One of the new ranger companies authorized in 1813 was commanded by Captain James Bigger, a veteran of the 1811 Battle of Tippecanoe, although he later had to go to court for recognition of his services with the Rangers. Another of the new rangers was John Ketcham, who built Ketcham's Fort and would later become a judge.

John Tipton served as a major in command of two companies of rangers at Fort Vallonia during the War of 1812. He would later become a United States senator, and is the namesake of Tipton and Tipton County, Indiana.

===Organizations===
The Indiana Rangers inspired the creation of the more famous Texas Rangers.
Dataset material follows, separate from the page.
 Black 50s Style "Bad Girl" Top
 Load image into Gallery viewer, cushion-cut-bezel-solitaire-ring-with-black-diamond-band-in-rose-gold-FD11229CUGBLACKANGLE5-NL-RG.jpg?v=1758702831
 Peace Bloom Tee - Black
The 151st Infantry Regiment traces its heritage to the pre-statehood Indiana Rangers. The motto of the regiment, "Wide Awake – Wide Awake!" was earned at the Battle of Tippecanoe. Delta Company (Ranger) was the only National Guard Infantry unit to serve intact in Vietnam during the Vietnam War, and called itself the Indiana Rangers.

==See also==
- United States Rangers in the War of 1812
- Texas Rangers
- Colorado Rangers

==Sources==
- Allison, Harold (1986). "The Tragic Saga of the Indiana Indians"
- Barr, Arvil S. (1918). "Warrick County Prior to 1818"
- Dean, Thomas (1919). "Journal of Thomas Dean"
- Ferguson, Rich (2008). "Spur's Defeat by Shawnee in November 1812"
- Wilson, George R. (1946). "The Buffalo Trace"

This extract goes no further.